HCB News: How do you think clinicians will use ultrasound-guided nerve blocks in the future? How will it evolve?
AN: When I started as an emergency physician, ultrasound-guided nerve blocks were niche. Now it’s a hot topic in emergency medicine because we’ve realized that pain management in the opioid epidemic is complicated and an integral part of our job. It’s part and parcel of the emergency physician’s job to treat pain in a multimodal fashion, be it intravenous medications or nerve blocks. Organizations like the American College of Emergency Physicians (ACEP) recognized the need for emergency doctors to integrate this skill into their practice. It’s slowly becoming more common as centers are teaching all their clinicians how to perform ultrasound-guided nerve blocks. Large health systems like Kaiser Northern California have protocolized ultrasound-guided femoral nerve blocks for hip fractures in their emergency departments. I think the change has started and I am very excited to see smart clinicians pushing for a patient-centered outcome – better safe pain management.

HCB News: What sort of technological changes do you foresee happening or needing to happen to better accommodate this use of ultrasound for pain management?
AN: I think we’re at the nexus or tipping point for ultrasound.
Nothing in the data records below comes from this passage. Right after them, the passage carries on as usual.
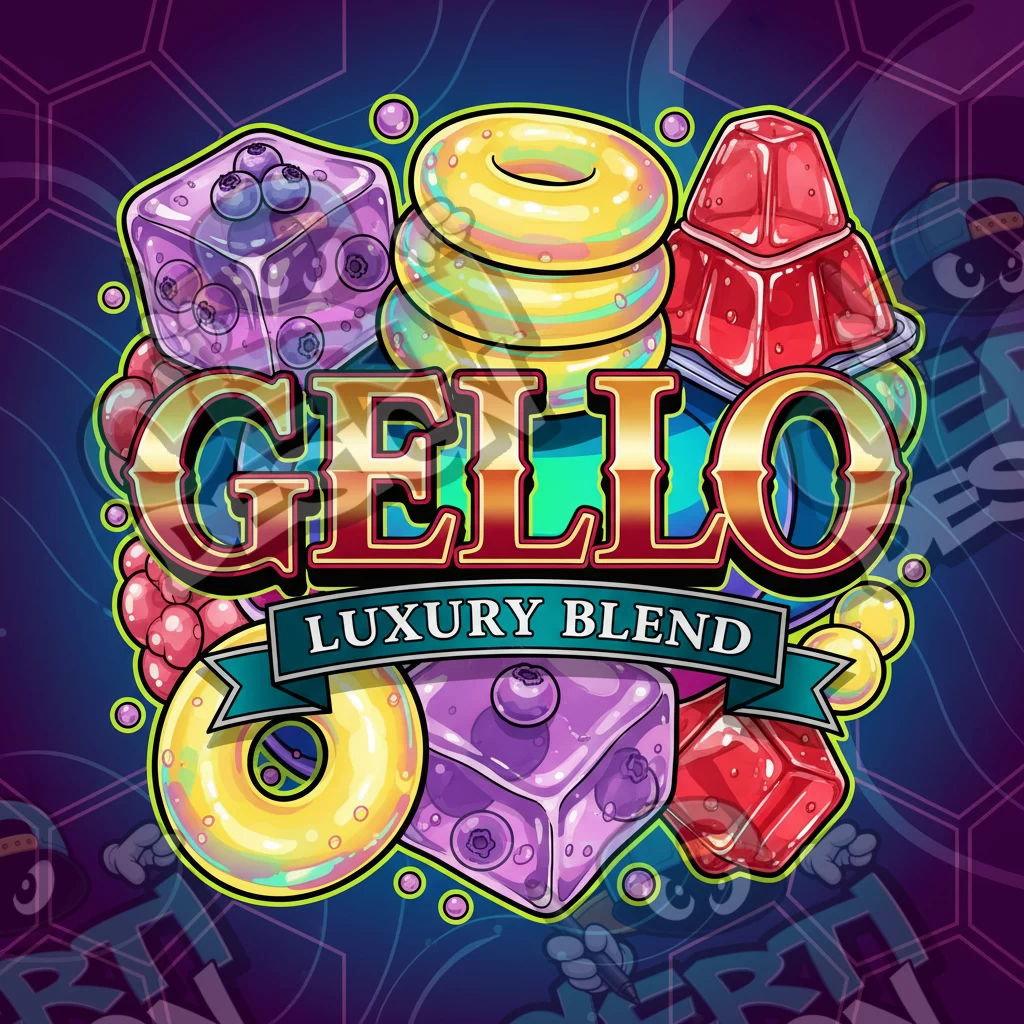 Gello Pre-Made 3.5g Square Mylar Bags
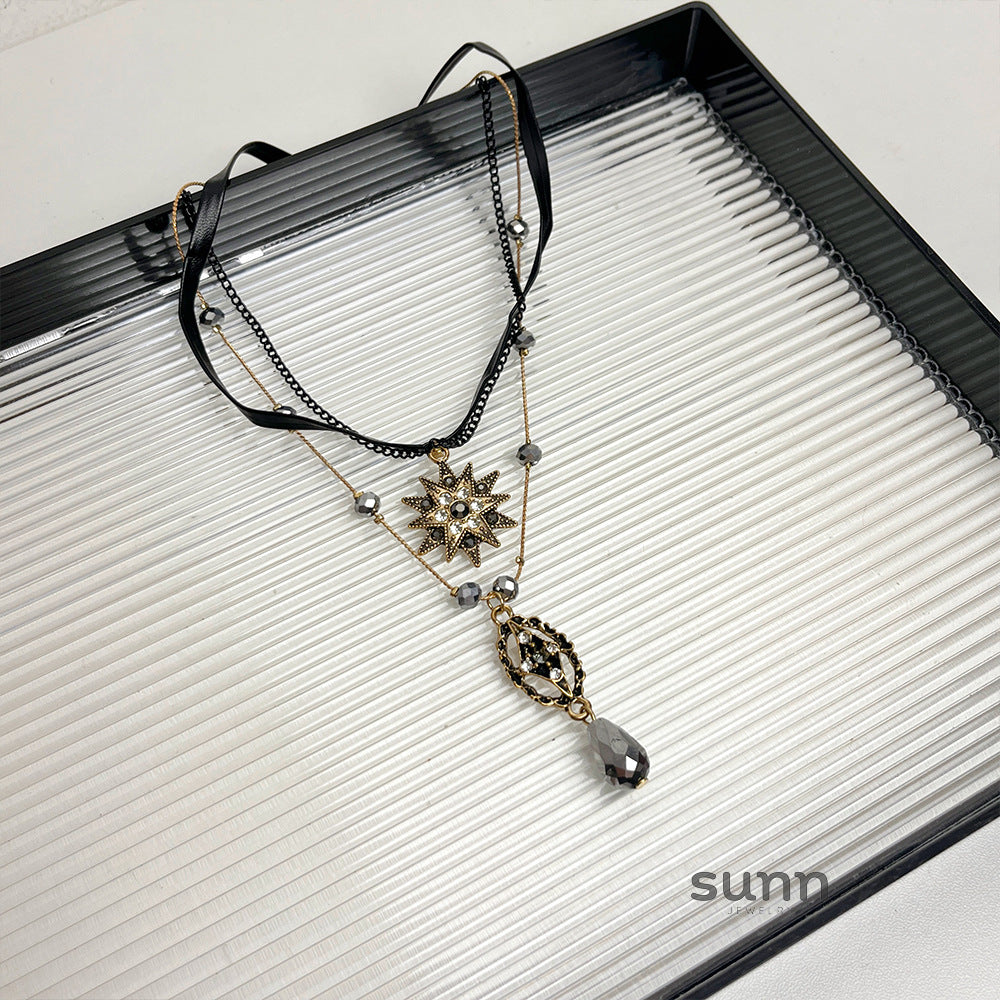 Andi Regal Heart Choker Necklace [00H4XHBU]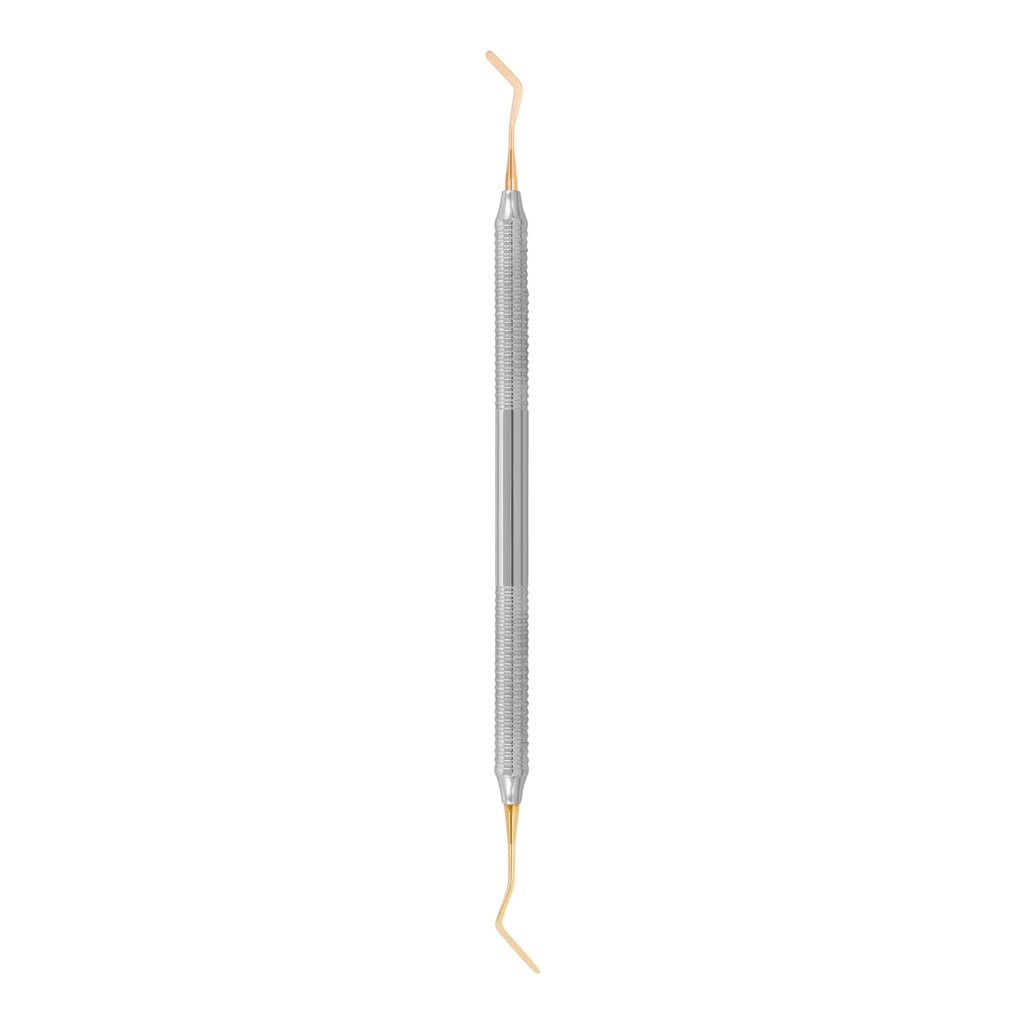 Filling instruments 2.0mm Titanium/Plasma Gold Coating Tips with Solid Handle 6mm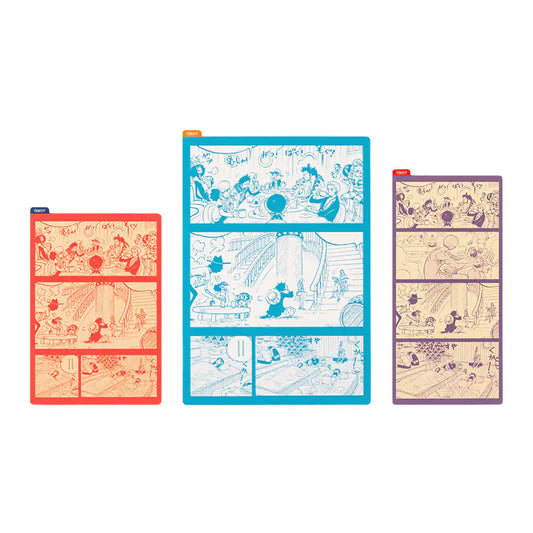 ONE PIECE magazine: Hobonichi Pencil Board (Everyday Scenes) For A6 Size / A5 Size / Weeks, 2027 Hobonichi Accessories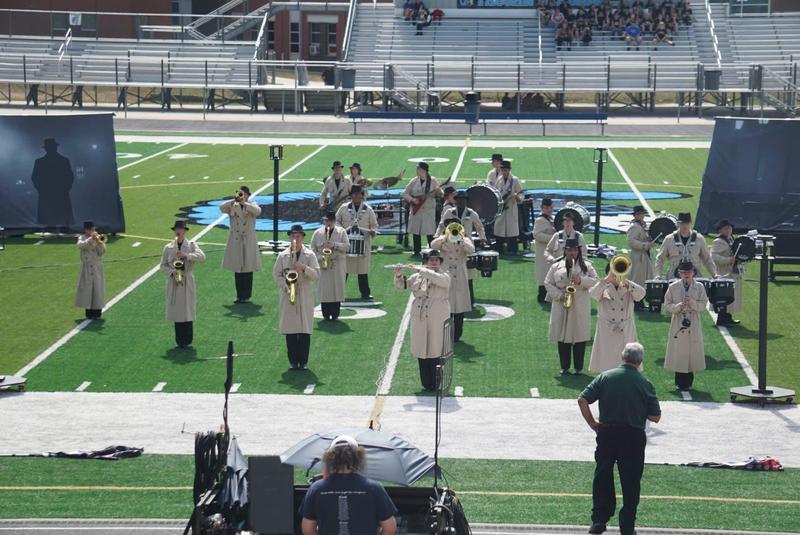 Trojan Marching Band Competition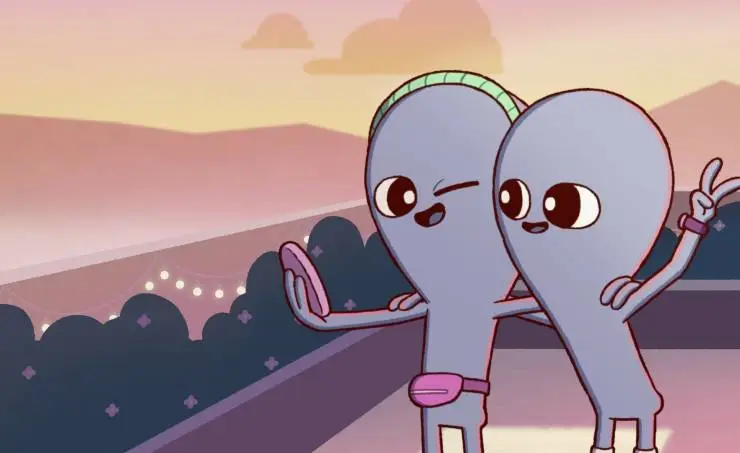 Странная планета (2023) через торрент бесплатно Странная планета (2023) мультфильм сериал через торрент бесплатно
In the next couple of years or so, we will see exceptional technologists build probes that are inexpensive, easy to use, and easily integrated into the current medical IT infrastructure. To use a camera analogy, the functionality and technology on our camera phones rival that of the larger DSL cameras that many of us owned a decade ago. This miniaturization comes from both hardware and software innovation. I think this is quickly happening in the world of point-of-care ultrasound (POCUS). The beauty of this technology is that, along with making products that every physician will carry in their pocket, it will allow for improved patient care. Doctors, nurses, and paramedics will detect diseases earlier, make more objective decisions based on imaging, and change the way we will practice medicine. I am really excited for the future of medicine.